/---

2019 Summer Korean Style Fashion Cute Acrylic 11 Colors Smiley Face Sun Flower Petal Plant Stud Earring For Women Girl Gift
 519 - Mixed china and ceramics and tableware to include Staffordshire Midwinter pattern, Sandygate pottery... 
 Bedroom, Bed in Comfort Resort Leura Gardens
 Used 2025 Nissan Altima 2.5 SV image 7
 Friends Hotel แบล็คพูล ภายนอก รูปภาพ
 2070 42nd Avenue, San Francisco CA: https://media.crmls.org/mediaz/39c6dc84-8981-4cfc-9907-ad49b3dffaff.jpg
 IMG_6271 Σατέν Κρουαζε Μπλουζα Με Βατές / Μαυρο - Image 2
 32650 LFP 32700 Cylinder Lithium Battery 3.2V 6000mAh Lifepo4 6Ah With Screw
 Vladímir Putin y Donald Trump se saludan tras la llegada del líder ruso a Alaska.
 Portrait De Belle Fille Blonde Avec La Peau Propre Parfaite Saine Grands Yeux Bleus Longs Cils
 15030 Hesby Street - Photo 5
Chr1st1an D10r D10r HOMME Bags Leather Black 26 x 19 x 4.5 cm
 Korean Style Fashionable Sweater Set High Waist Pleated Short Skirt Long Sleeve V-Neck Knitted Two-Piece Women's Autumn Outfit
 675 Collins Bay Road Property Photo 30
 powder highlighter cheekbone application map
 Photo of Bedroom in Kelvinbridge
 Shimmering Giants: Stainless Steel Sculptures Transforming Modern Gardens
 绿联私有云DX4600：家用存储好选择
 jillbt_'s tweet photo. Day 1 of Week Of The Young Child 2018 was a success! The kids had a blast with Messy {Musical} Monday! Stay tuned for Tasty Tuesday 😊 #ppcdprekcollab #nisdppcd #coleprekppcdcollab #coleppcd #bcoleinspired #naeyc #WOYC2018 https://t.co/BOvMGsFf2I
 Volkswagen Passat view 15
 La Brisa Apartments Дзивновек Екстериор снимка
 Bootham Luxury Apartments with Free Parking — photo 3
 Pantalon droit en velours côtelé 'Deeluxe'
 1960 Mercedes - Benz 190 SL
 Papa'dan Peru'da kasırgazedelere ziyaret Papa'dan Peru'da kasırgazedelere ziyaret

\---

Exercise directions => Provide solely the number of lines in the data that include the word "Women".

Written solution => 2